WHAT YOU WILL DO: Would you retype the whole listing exactly, leaving its pictures out?

EXERCISE INPUTS:
=-=-=-=-=

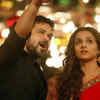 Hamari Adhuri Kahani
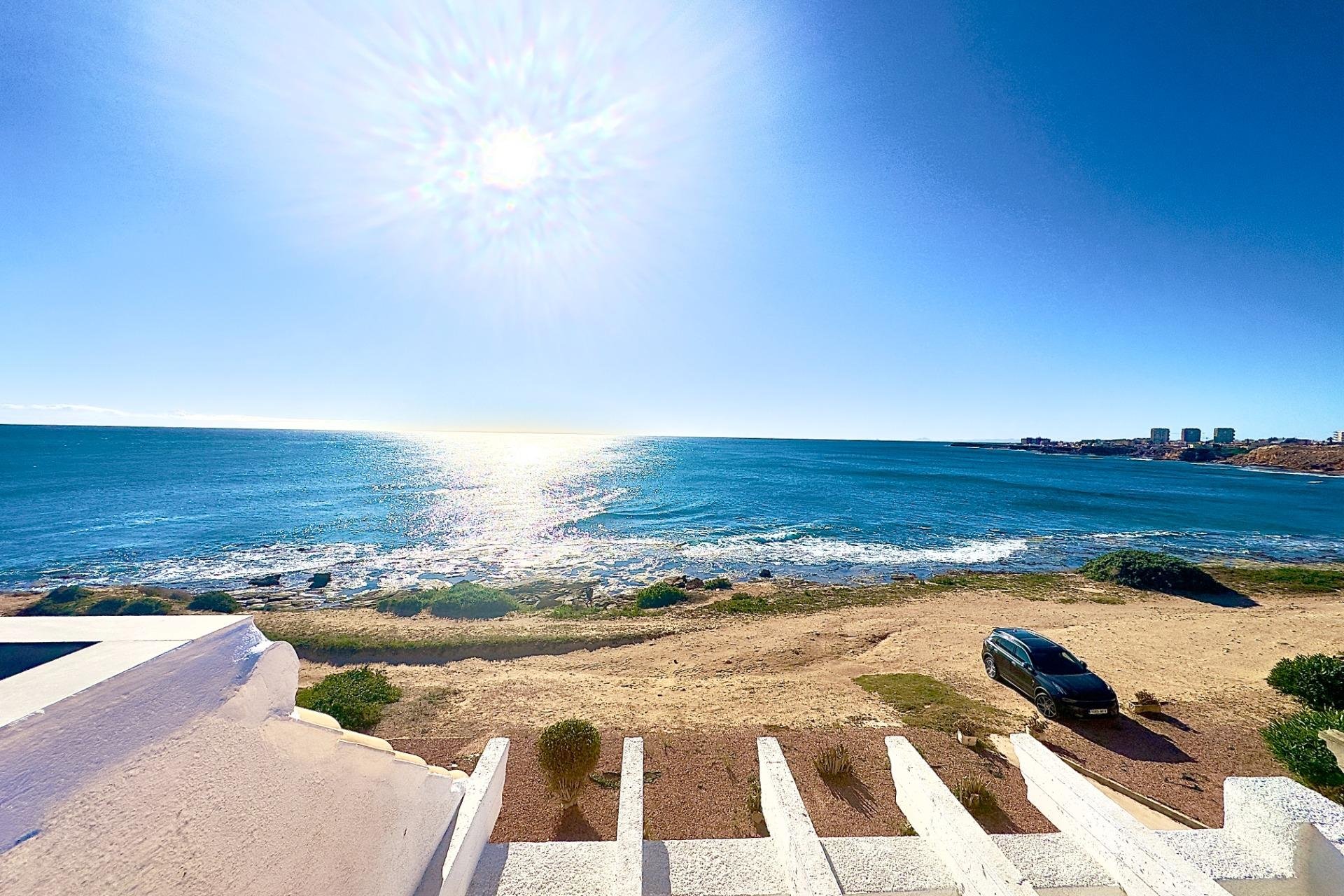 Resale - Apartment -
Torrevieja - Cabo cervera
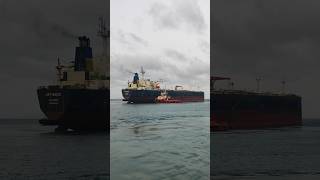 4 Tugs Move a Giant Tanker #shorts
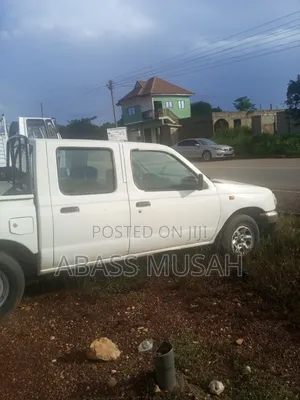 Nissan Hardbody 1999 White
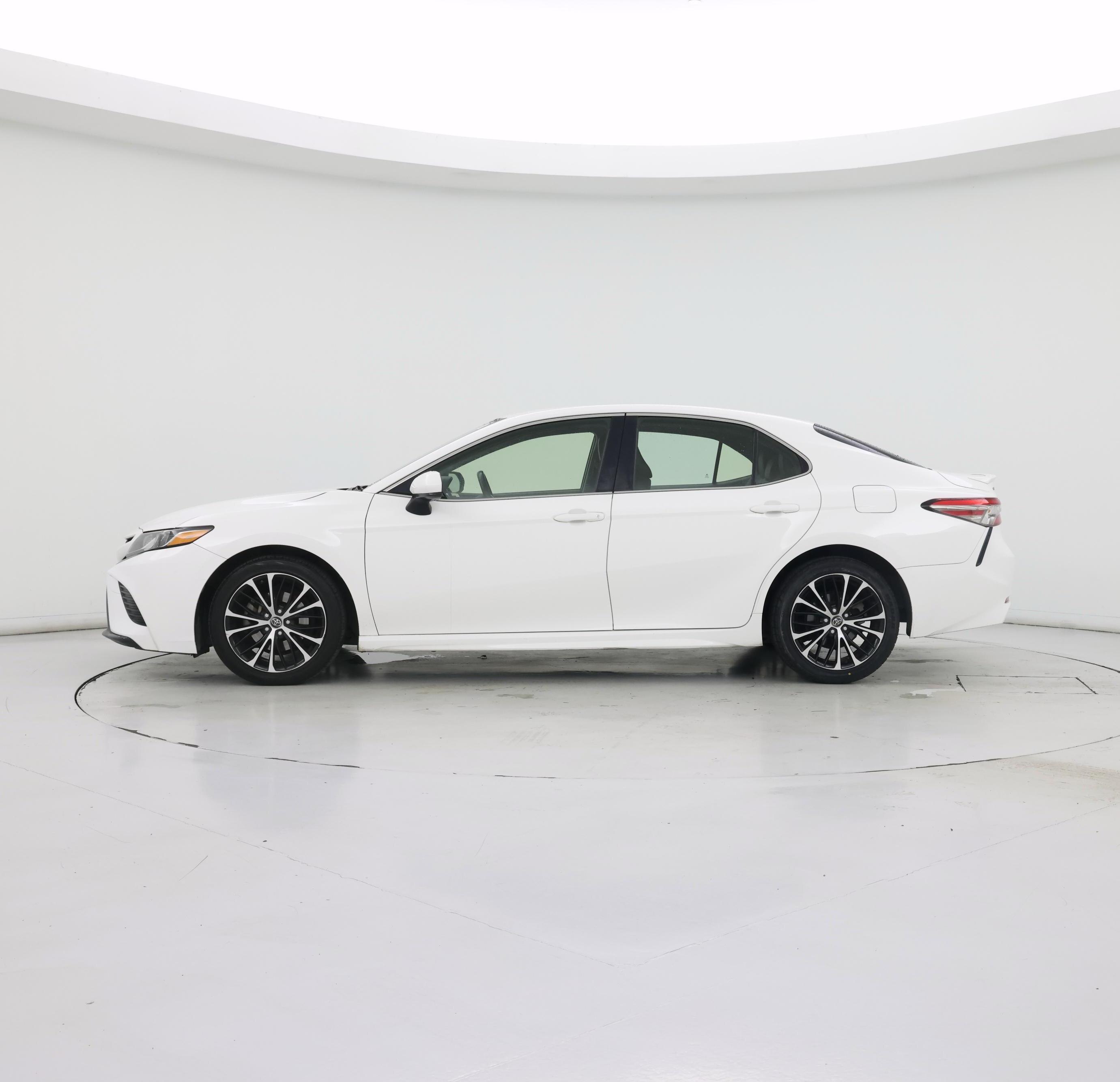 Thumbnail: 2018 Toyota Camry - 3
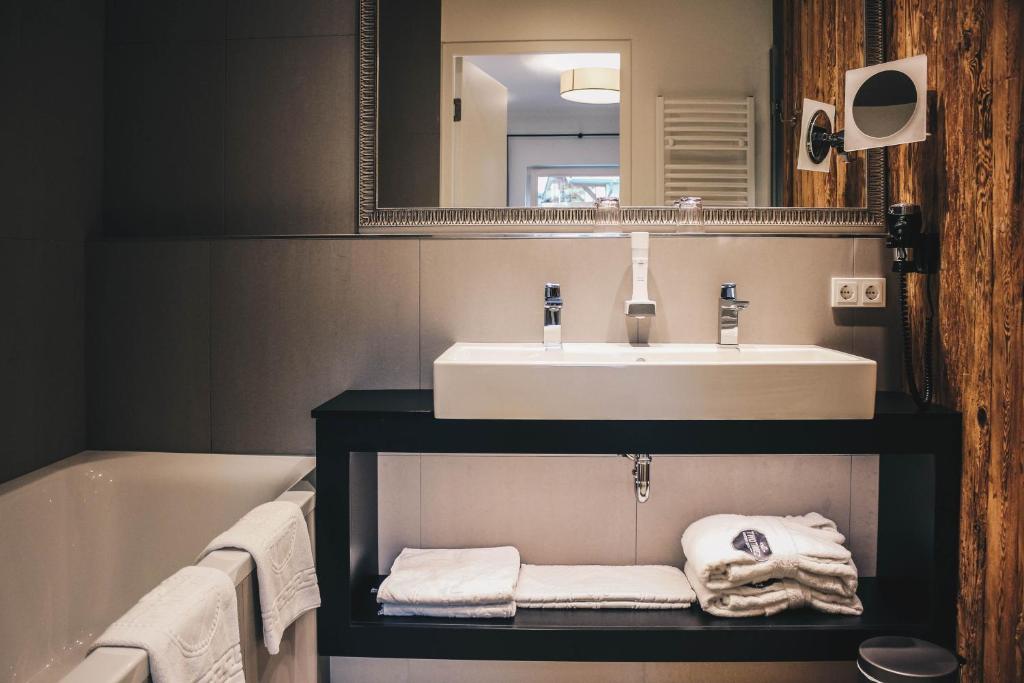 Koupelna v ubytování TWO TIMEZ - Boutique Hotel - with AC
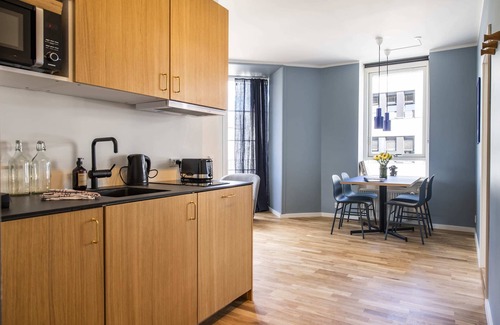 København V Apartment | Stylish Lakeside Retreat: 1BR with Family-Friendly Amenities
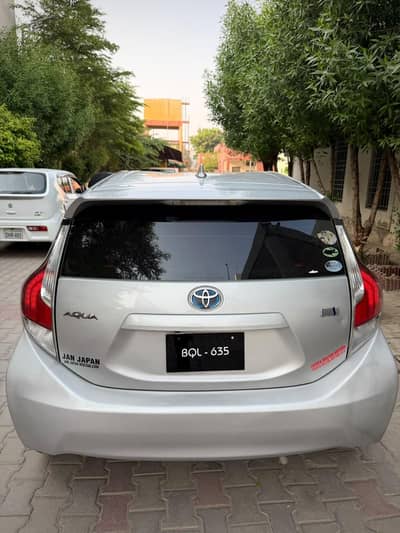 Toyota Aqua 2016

=-=-=-=-=

RESPONSE TO THIS EXERCISE:
 Hamari Adhuri Kahani
 Resale - Apartment -
Torrevieja - Cabo cervera
 4 Tugs Move a Giant Tanker #shorts
 Nissan Hardbody 1999 White
 Thumbnail: 2018 Toyota Camry - 3
 Koupelna v ubytování TWO TIMEZ - Boutique Hotel - with AC
 København V Apartment | Stylish Lakeside Retreat: 1BR with Family-Friendly Amenities
 Toyota Aqua 2016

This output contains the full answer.